Semper Liberi

Friday, February 17, 2006

Robert P. George & "The Living Constitution"

The highly respected philosopher/theologian/legal theorist/Princeton Prof. (and Morgantown native, I'm told) Robert P. George makes a nice concise attack on "living constitution" theory in a broader essay about higher education. There's nothing new is his statement, but it's still a good summary of the grounds for criticizing that theory of constitutional interpretation:


Lacking basic knowledge of the American Founders’ political philosophy and of the principles that they enshrined in the Constitution, students often fall prey to the notion that ours is a “Living Constitution,” whose actual words matter little.

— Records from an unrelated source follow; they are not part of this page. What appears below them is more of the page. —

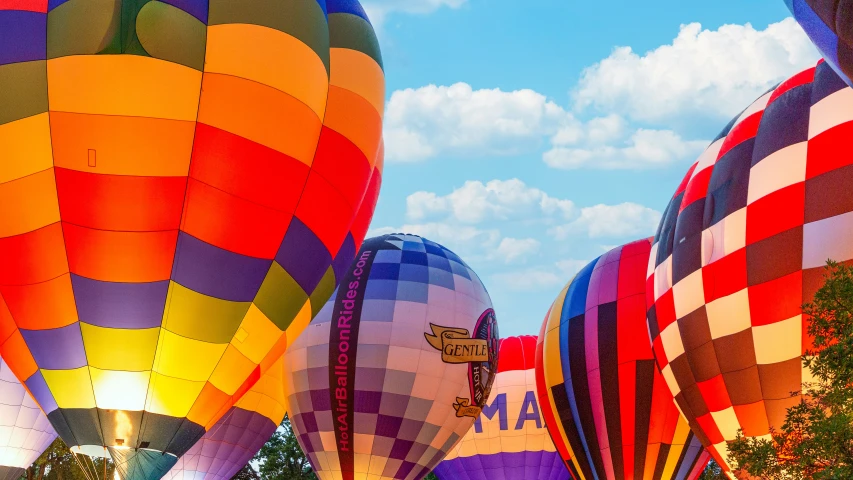 large, multicolored  air balloons are illuminated at an angle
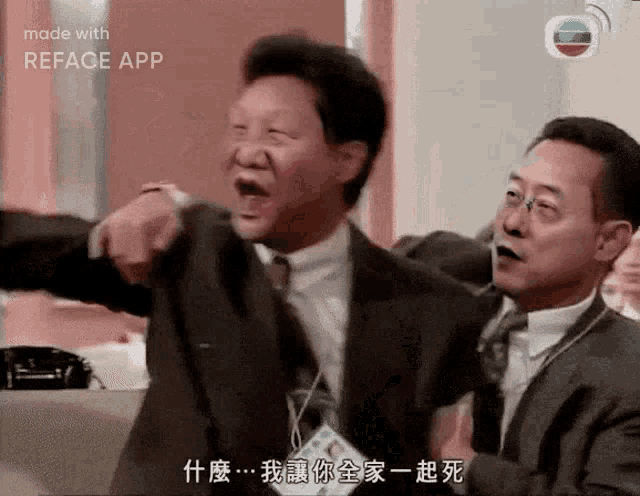 two men in suits and ties are standing next to each other with their arms outstretched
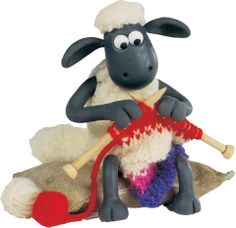 a stuffed sheep sitting on top of a pile of wool with a knitting needle in it's mouth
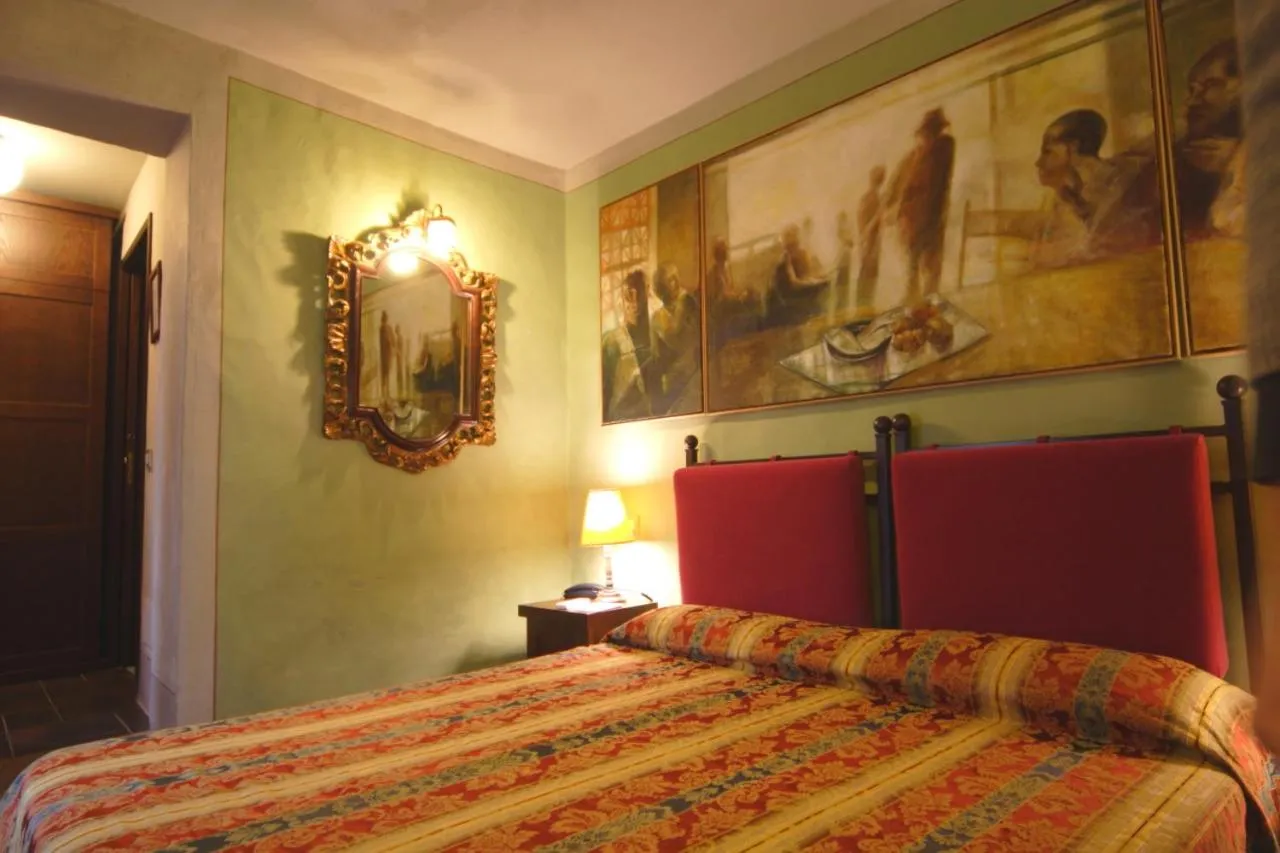 Photo of the whole room, Bed in Locanda Viani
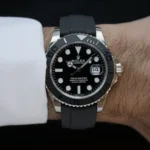 Rolex Yacht-Master wristwatch with black dial, silver case, and black rubber strap on a wrist with a white shirt cuff visible on the left.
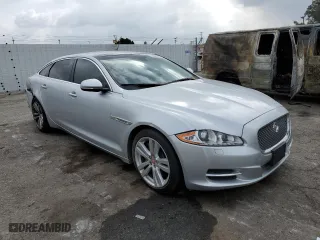 2014 Jaguar XJ with VIN SAJWJ2GD2E8V62696, listed as a Copart auction lot 76620494 with 85,487 mi miles and Salvage Title. Bid and sale history available at carsss.com. Image 4.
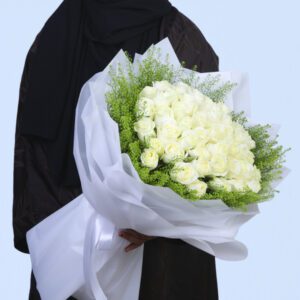 A large bouquet of 51 white roses wrapped in white paper with thalapsi green accents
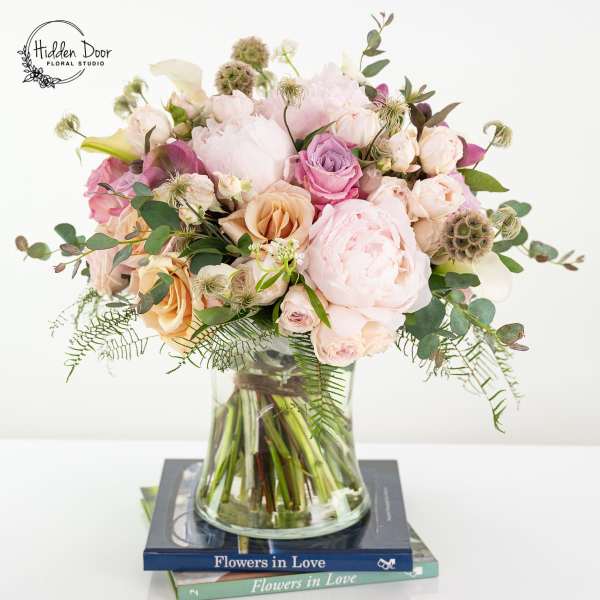 Pastel bouquet of roses and peonies in a clear glass vase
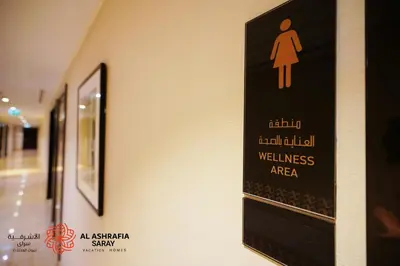 a sign on the wall of a wellness area at Alashrafia Saray- Splendid 1BR apartment in Canal Views in Dubai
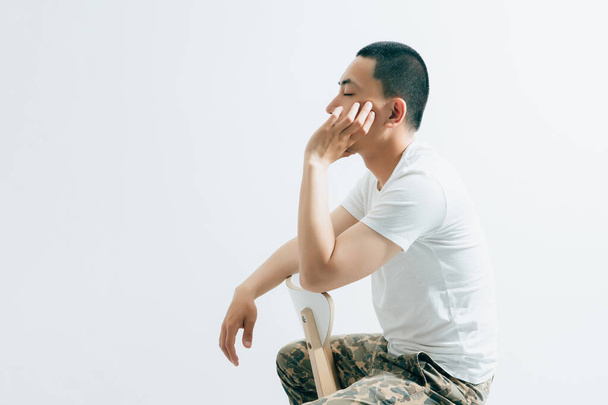 Schöner asiatischer Typ in Camouflage-Hose und weißem T-Shirt auf einem Stuhl sitzend. - Foto, Bild
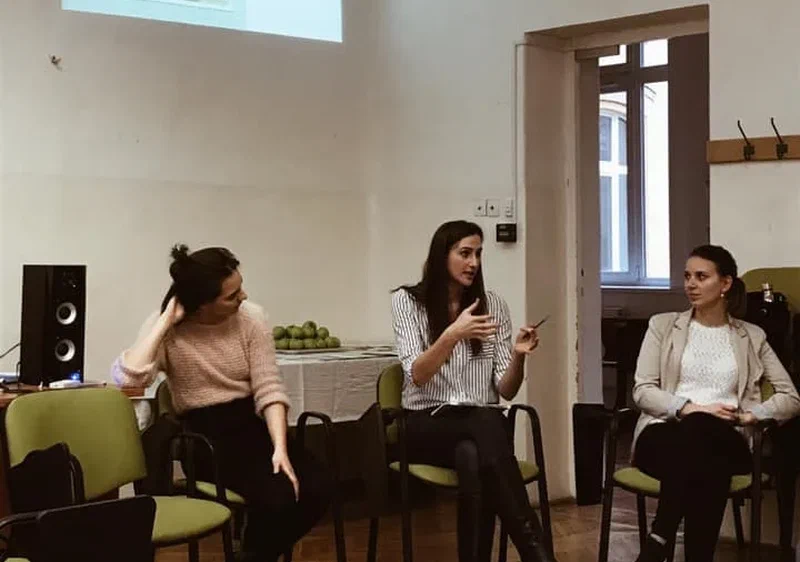 Boglarka and two people sitting in a room discussing a topic with a presentation projected to the wall in the background.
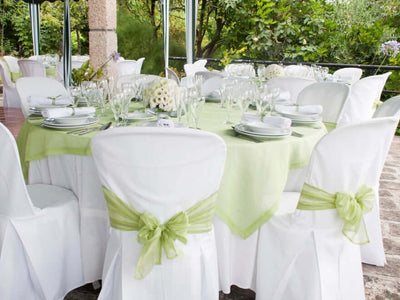 Outdoor banquet table with white chair covers and green tablecloth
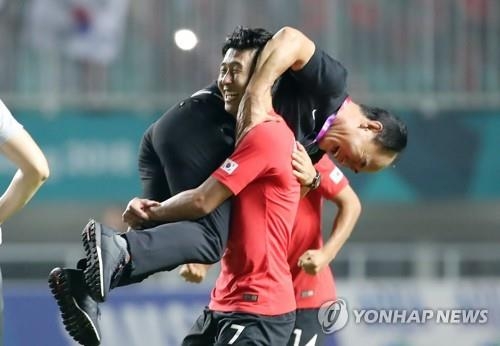 South Korean football forward Son Heung-min carries his head coach Kim Hak-bum after beating Japan 2-1 for the men's football gold medal at the 18th Asian Games at Pakansari Stadium in Cibinong, Indonesia, on Sept. 1, 2018. (Yonhap)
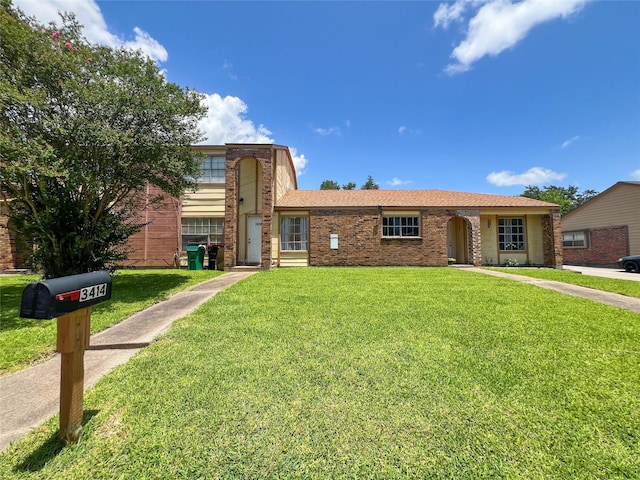 3412 Lantern Ln, Baytown, TX 77521 - view of front of property with a front lawn and brick siding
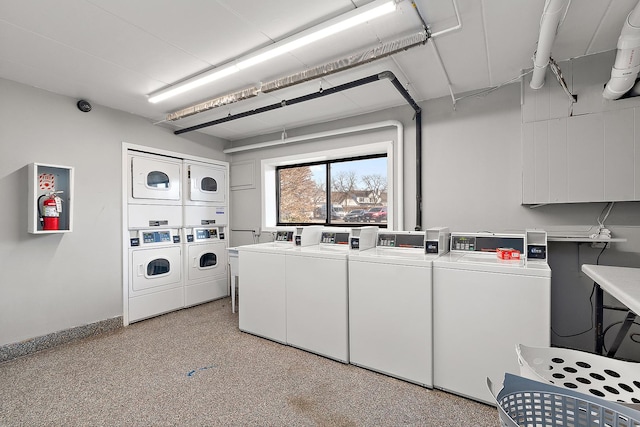254 E Bailey Rd Unit M, Naperville, IL 60565 - shared laundry area with washer and dryer, stacked washing maching and dryer, and baseboards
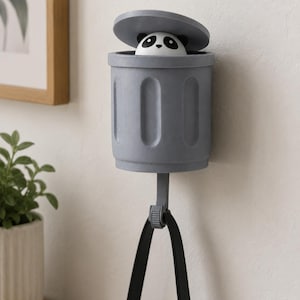 May include: A gray wall-mounted hook shaped like a trash can, with a panda bear peeking out from inside. The hook has a black strap hanging from it, and is mounted on a white wall.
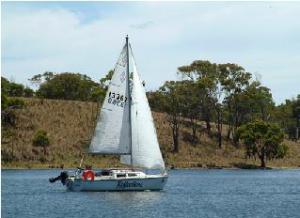 A white sailboat with two sails glides on a calm river, with trees and grassy hills in the background under a partly cloudy sky.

On the Living Constitution theory, judges—especially Supreme Court justices—serve as members of a kind of standing constitutional convention whose role is to invalidate legislation that progressive circles regard as antiquated or retrograde, all in the name of adapting the Constitution to keep up with the times.

It doesn’t take much to expose the absurdity of this theory. The purpose of enshrining principles in a constitution is to ensure that the nation’s fundamental values remain honored even if they fall out of fashion. As for adapting the nation’s laws to keep up with the times, legislators can—and should—take care of that task. The proper role of courts when they exercise the power of judicial review is essentially a conserving (you could even say “conservative”) one. It is not to change anything but rather to place limits on what one can change.

Does this mean that our Constitution is “dead”? No: the Constitution’s principles are “living” in the sense that they can apply validly even to matters that the Founders themselves could not have anticipated. The original understanding of Fourth Amendment principles governing searches and seizures, for example, can reliably extend to cover today’s controversies about computer files, cyber-storage, and electronic surveillance. So to reject, as we should, the Living Constitution and its anticonstitutional doctrine of virtually unlimited judicial power is by no means to treat our Constitution as a dead letter. Rather, it is to treat the Constitution as law—supreme law—binding on, and limiting the power of, every branch of government and agency of the state, including the courts.


I quoted the part relevant to constitutional theory, but the whole essay is worth a read.